-- Opening Marker --

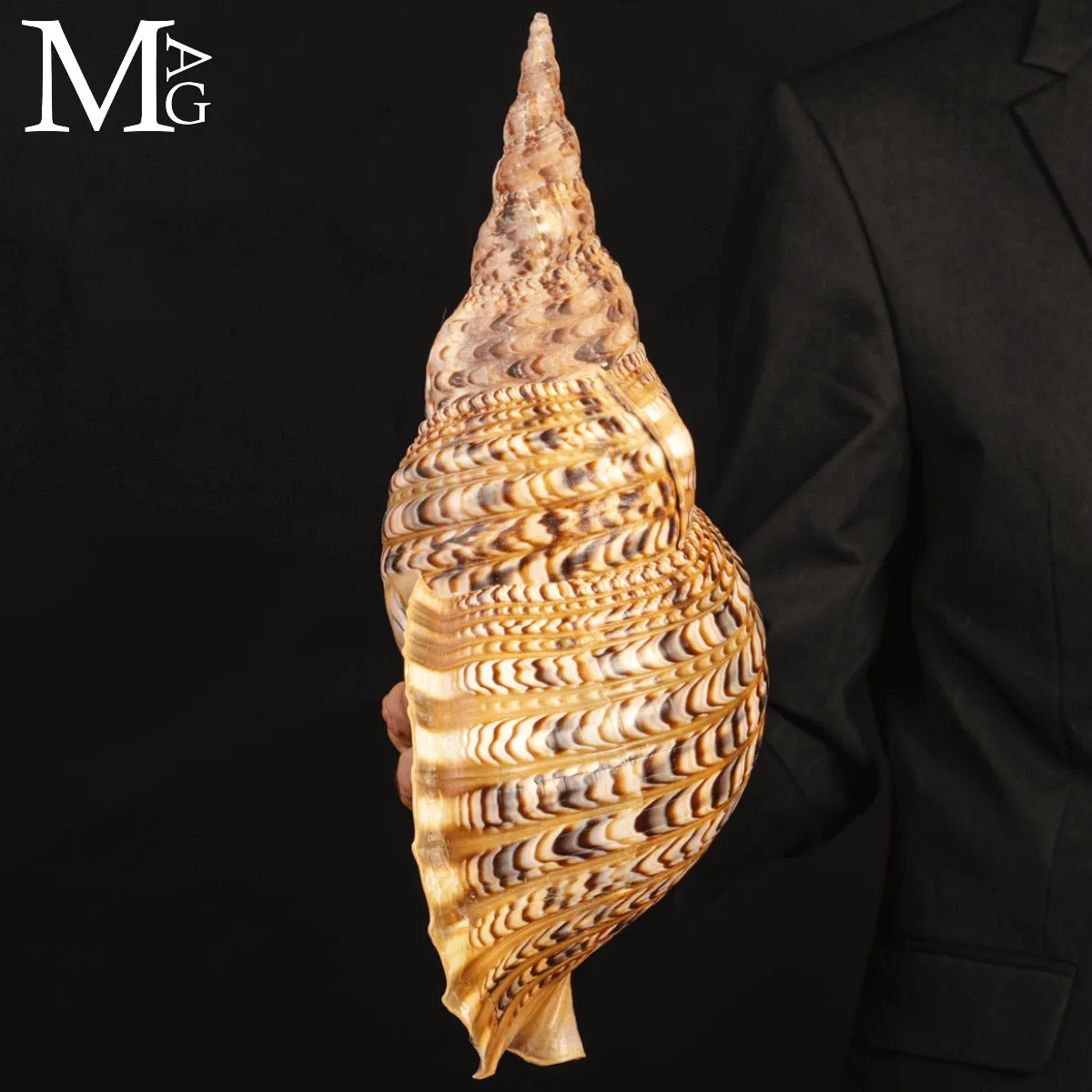 Charonia Tritonis – Conchiglia Iconica da collezione.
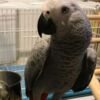 African Grey Parrot African Grey Parrots raedy Now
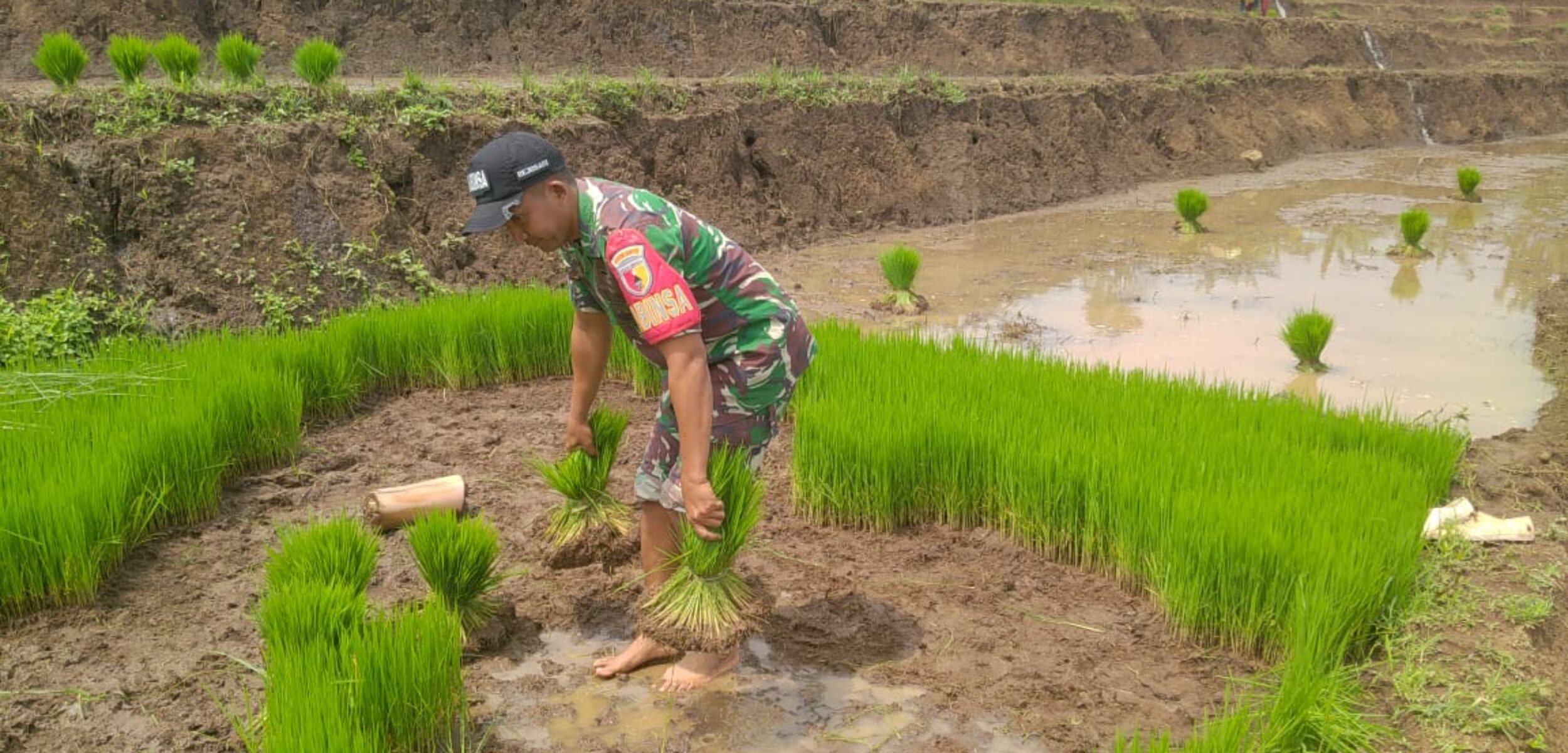 WhatsApp Image 2025 05 08 at 2.42.00 PM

-- Closing Marker --

- [Instructions to follow] Copy the listing above exactly, minus the pictures.

- [Solution below]
 Charonia Tritonis – Conchiglia Iconica da collezione.
 African Grey Parrot African Grey Parrots raedy Now
 WhatsApp Image 2025 05 08 at 2.42.00 PM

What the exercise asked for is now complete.